Environmental

Wind/Breath

The typical qualities we want to measure of wind are:

Intensity
Direction

This recipe focuses on the first – intensity, and in particular, the ‘hot-wire’ sensing method.

We are using the Modern Device Wind Sensor Rev. C for this recipe (follow the link to learn more details). Compared to professional-grade hot-wire sensors, it is a relatively affordable component with a good amount of adjustability and sensitivity for low and moderate wind conditions. It can also be set up in such a way where indoor air movement or the act of exhaling/blowing sharply might be detected!

ALTERNATE VERSION

Modern Device also has an upgraded ‘Rev. P’ version of the Wind sensor that performs better in high wind conditions. However it is a lot more expensive and requires a 12V power supply.

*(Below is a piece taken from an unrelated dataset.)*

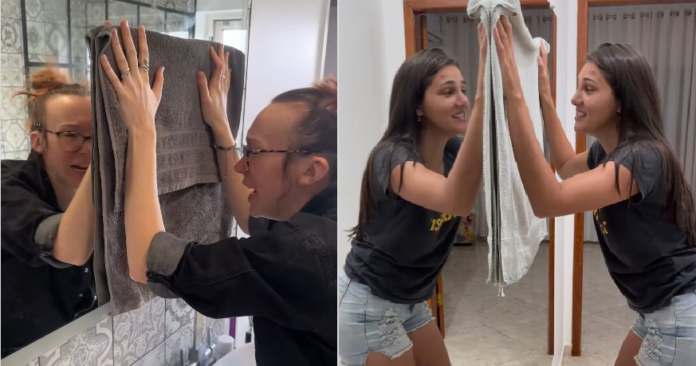 como-espelho-‘ve’-mulher-que-esta-coberta-por-toalha?-entenda-misterio-que-viralizou-nas-redes como-espelho-‘ve’-mulher-que-esta-coberta-por-toalha?-entenda-misterio-que-viralizou-nas-redes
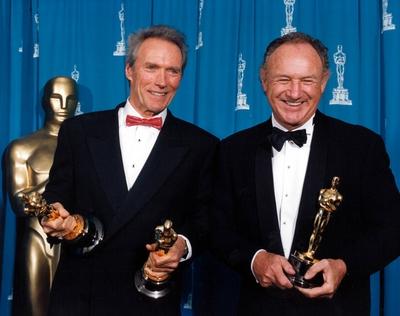 Clint Eastwood and Gene Hackman at the 65th Annual Academy Awards, 1993 Hollywood CA USA PUBLICATIONxINxGERxSUIxAUTxONL-stock-foto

The basic premise of hot-wire sensors is a temperature sensor mounted at a fixed distance from a heat source. The changing wind conditions impact the electrical power needed to keep the element heated. This is what gets sensed and reported back to a connected microcontroller.

Wiring & Code

Select a microcontroller platform in the tabs below to view the wiring and code meant for the platform:

`Breadboard diagram`

Download Wind/Breath Intensity Fritzing file

`Code`

For a refresher on how to use the code in this recipe, click here.

// Wind / Breath sensing for the Arduino UNO
// Allow air movement to flow around the sensor and observe the changes on the LED's brightness
// Adjust the sensitivity of this circuit in two ways:
// 1) Use a small screwdriver to gently turn the adjustment potentiometer on the sensor
// 2) Edit the code parameters below

/*
  Calibrating the sensor: Use the Serial Monitor to help you establish the 'floor' and 'ceiling' readings of the sensor
  1) Turn on Serial Monitor after connecting the USB cable and selecting the right port
  2) Set the baud rate to 115200 baud (near the bottom right corner of your Serial Monitor panel)
  3) You should immediately see a stream of numbers. If you haven't made any changes to the code below, the first is the 'raw' reading, and the second value is the 'scaled' reading.
  4) Let the sensor rest, and note down the value of the raw wind movement 'at rest'
  5) Get some wind moving over the sensor (fan it, blow across it), and capture your preferred 'maximum' value (highest you can go is 1023)
  6) Update the WIND_MAX and WIND_MIN values below to these noted readings
  7) If you want, edit LED_MINBRIGHT and LED_MAXBRIGHT to customise how bright you want the LED to go
  8) Upload the sketch again with the new parameters. Repeat steps 3-8 to finetune the sensitivity of your circuit
*/

// update these definitions below if you move the pins:
#define WINDSENSE_PIN A0  // analogue input pin A0
#define LED_PIN 11        // we are using the PWM-capable digital pin 11 to drive the brightness of an LED (on the UNO you can alternatively use 3, 5, 6, 9, 10, 11)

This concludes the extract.